Tuesday, May 5, 2026

‘Catholic Charities v Wisconsin Creates a Dangerous Precedent’

 

Many conservatives are elated over the 9-0 decision of the federal Supreme Court that overturned a Wisconsin Supreme Court ruling.  The State Court had denied an exemption to the Catholic Charities Bureau from a tax to support the unemployment compensation system, reasoning that the latter was not a religious organization.

Justice Thomas thoroughly demolished the Wisconsin Supreme Court’s argument, showing that the Catholic Charities Bureau is in truth a religious organization, and, therefore, is likely eligible for the exemption (though Justice Jackson’s concurrence muddies the water on that somewhat).  But having made that determination, we must ask an essential question, ‘Do the federal courts have jurisdiction in this matter?’

The answer is a resounding No.

The federal justices base their ruling on the First Amendment of the United States constitution, that the Wisconsin Supreme Court violated its Establishment clause.  However, as we have pointed out before, the First Amendment’s religion clauses are directed at Congress:  ‘Congress shall make no law . . . .’  The States are free to make religious arrangements per their own laws, traditions, constitutions, etc.  It is striking that Wisconsin’s own constitutional provisions regulating the relationship between Church and government (Article I, Section 18) are not mentioned at all in the federal Supreme Court’s ruling.  And the erroneous incorporation doctrine related to the US constitution’s problematic 14th Amendment doesn’t help the federal justices’ case one bit.  So don’t bring that stinking fish carcass up in here; throw it back into the pond of unconstitutional theories out of which you dredged it.

This case should have ended with Wisconsin’s Supreme Court, with that Court’s decision being grounded in Wisconsin’s own constitutional text.  If the decision was found to be unjust, the voters of Wisconsin could have remedied that by replacing the justices who were in the wrong via elections.

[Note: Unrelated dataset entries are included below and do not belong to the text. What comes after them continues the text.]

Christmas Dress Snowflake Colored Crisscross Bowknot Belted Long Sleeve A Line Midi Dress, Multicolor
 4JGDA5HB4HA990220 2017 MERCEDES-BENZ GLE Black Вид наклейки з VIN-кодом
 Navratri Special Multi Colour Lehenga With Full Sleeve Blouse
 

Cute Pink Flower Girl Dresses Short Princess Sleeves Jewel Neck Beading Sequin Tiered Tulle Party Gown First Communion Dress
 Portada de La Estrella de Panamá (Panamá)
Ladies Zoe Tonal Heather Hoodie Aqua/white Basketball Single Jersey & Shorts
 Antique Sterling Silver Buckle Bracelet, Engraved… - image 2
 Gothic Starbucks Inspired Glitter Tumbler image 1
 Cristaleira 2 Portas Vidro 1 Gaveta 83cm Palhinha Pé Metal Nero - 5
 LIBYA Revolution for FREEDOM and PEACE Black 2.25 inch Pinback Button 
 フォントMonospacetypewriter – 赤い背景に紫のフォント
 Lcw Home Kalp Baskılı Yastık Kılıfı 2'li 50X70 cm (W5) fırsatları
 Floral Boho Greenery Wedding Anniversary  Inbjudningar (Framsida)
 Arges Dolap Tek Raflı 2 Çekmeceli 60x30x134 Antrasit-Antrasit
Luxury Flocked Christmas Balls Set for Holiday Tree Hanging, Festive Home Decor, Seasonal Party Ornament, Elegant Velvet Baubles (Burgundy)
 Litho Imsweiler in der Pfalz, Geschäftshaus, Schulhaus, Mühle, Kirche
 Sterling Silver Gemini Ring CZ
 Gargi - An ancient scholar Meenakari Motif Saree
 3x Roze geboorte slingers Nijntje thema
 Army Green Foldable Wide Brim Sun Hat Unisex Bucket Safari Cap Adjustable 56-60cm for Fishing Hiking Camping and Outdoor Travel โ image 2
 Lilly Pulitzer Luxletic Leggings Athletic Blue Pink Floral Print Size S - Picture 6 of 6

What we have gotten instead is far worse than a controversy that would have affected only one religious organization in a single State:  We now have another federal Supreme Court precedent that could invalidate all State efforts to reinvigorate Christianity in public life.  Here are the key paragraphs from the unanimous opinion, authored by Justice Sotomayor:

‘“The clearest command of the Establishment Clause” is that the government may not “officially prefe[r]” one religious denomination over another. Larson v. Valente, 456 U. S. 228, 244 (1982). This principle of denominational neutrality bars States from passing laws that “‘aid or oppose’” particular religions, Epperson v. Arkansas, 393 U. S. 97, 106 (1968), or interfere in the “competition between sects,” Zorach v. Clauson, 343 U. S. 306, 314 (1952). The Establishment Clause’s “prohibition of denominational preferences is inextricably connected with the continuing vitality of the Free Exercise Clause,” too. Larson, 456 U. S., at 245. That is because the “‘fullest realization of true religious liberty requires that government’” refrain from “‘favoritism among sects.’” Id., at 246 (quoting School Dist. of Abington Township v. Schempp, 374 U. S. 203, 305 (1963) (Goldberg, J., concurring)). Government actions that favor certain religions, the Court has warned, convey to members of other faiths that “‘they are outsiders, not full members of the political community.’” Santa Fe Independent School Dist. v. Doe, 530 U. S. 290, 309 (2000).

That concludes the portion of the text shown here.